The authoritative reference is the BIMForum LOD Specification, updated regularly and available at bimforum.org. It defines LOD requirements for dozens of element categories across all disciplines. The AIA G202 form is the contractual document teams attach to BIM contracts to assign LOD responsibility by author and phase.

LOD 100: Conceptual

At LOD 100, a model element exists as a symbol or a generic representation of an overall concept. It may be a massing volume representing a building, a single line representing a wall, or a colored zone representing a mechanical room. Key characteristics:

• No specific geometry — dimensions are not derived from the element itself
• Location may be approximate
• Used for early feasibility studies, energy massing analysis, and site planning
• Quantities derived from the model at this level are order-of-magnitude estimates only
• Typical deliverables: conceptual massing models, site analysis, rough area takeoffs

In Revit, LOD 100 typically corresponds to the Conceptual Mass environment. Tools like the Energy Analysis in Revit 2024+ can analyze a massing model before a single wall is placed. This is the phase where floor-plate efficiency ratios, building orientation for solar gain, and gross area by use type are established.

LOD 200: Generic

At LOD 200, elements are modeled as generic systems with approximate quantities, size, shape, location, and orientation. Information is not yet specific enough to use for fabrication or precise coordination, but it is reliable enough to confirm system compatibility and major spatial allocations.

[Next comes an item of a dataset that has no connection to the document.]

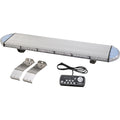 Wolo Manufacturing Corp. blue auto part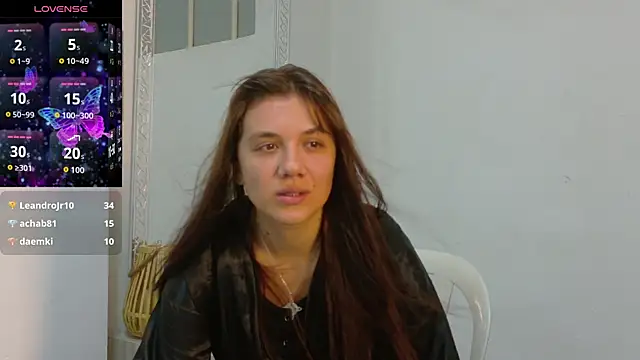 Katia_Rose23 – Naživo chatovacia miestnosť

• Approximate dimensions — correct order of magnitude but not field-verified
• Generic family types (a duct is shown as a rectangular duct, but the gauge and liner are not specified)
• Useful for early MEP coordination, interference checking at major system level
• Equipment shown in approximate locations and sizes, not final selections
• Structural system layout established but connection details not modeled

LOD 200 is the typical level expected at Design Development (DD) phase for most elements. Clash detection at LOD 200 catches gross spatial conflicts (a major mechanical duct running through a structural beam zone) before they become expensive field problems.

LOD 300: Specific

LOD 300 is the workhorse of construction document production. Elements are modeled as specific assemblies with accurate quantity, size, shape, location, and orientation. Non-graphic information can also be attached. This is the level at which permit drawings and most design-bid-build CDs are produced.

• Accurate dimensions that can be used for quantity takeoffs and cost estimating
• Specific family types representing the actual design intent (24-inch wide x 12-inch deep concrete beam at specific gridline)
• Room/space data attached to BIM elements
• Manufacturer performance specifications may be included as parameters
• Suitable for permit submission, design review, and owner pricing

One critical point: LOD 300 geometry is modeled as the designer intends it to be constructed, but it has not been field-verified or fabrication-engineered. A duct at LOD 300 follows the design path through the ceiling plenum; at LOD 350/400, it accounts for actual hanger locations, access door placement, and sheet metal shop routing.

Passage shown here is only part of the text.